Nos conocimos hace años en el seminario; decían que estaba por llegar un postulante un tanto loco que afirmaba que entraba a la vida religiosa para ser misionero e ir al Tíbet. Confieso que, en su momento lo mirábamos con extrañeza:
- “Deben ser locuras del momento” –decíamos.
Y no; era verdad… Es que cada uno tenía –y tiene– un secreto único e incomunicable con Dios. Es su secreto, su modo de llegar al Cielo. Es el camino de la santidad.
Con el tiempo, ambos nos ordenamos sacerdotes y seguimos nuestros senderos intentando ser fieles a nuestras propias vocaciones: uno en el ámbito de la batalla contra-cultural y el otro en el de las misiones “ad gentes”, pero siempre con una nota característica: la parresía evangélica, esa virtud hoy olvidada que nos manda decir las cosas cueste lo que cueste.
Y como Dios se apiada de los locos y se ríe de los “prudentes” según el mundo, hoy el Padre Federico se encuentra en las alejadas tierras del Himalaya, en plena meseta tibetana, aullando como los lobos y evangelizando a diestra y siniestra frente a todo tipo de adversidades: budistas, hinduistas, protestantes, ateos, clérigos sincretistas, aludes, terremotos, lluvias copiosas, insectos, estafas, claudicaciones, etc. Sí: nosotros mismos tuvimos la gracia de pasar un tiempo con él intentando ayudar en lo posible para la salvación de las almas. Porque es ese el fin de la misión: salvar almas.
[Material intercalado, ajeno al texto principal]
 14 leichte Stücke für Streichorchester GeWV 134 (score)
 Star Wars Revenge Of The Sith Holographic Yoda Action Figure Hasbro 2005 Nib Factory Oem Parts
Hoy, que gran parte del fervor misionero se ha perdido, es imperioso volver a esos tiempos en que la Esposa de Cristo salía a buscar a aquellas ovejas que aún no habían conocido el don de Dios. Ante el actual proceso de oenegeización y apostasía en el que se encuentra sumida por algunos de sus miembros más encumbrados, por vía de oposición y en las antípodas de lo que se propone, es necesario volver a esa épica, a ese heroísmo que hacía, antaño, dejar la propia casa, el padre, la madre, los hermanos, los parientes, etc., para volcarse a proponer al único que salva, Nuestro Divino Redentor.
Pero: “¿por qué no comenzar por casa, misionando a quienes tengo al lado?” – dirán algunos.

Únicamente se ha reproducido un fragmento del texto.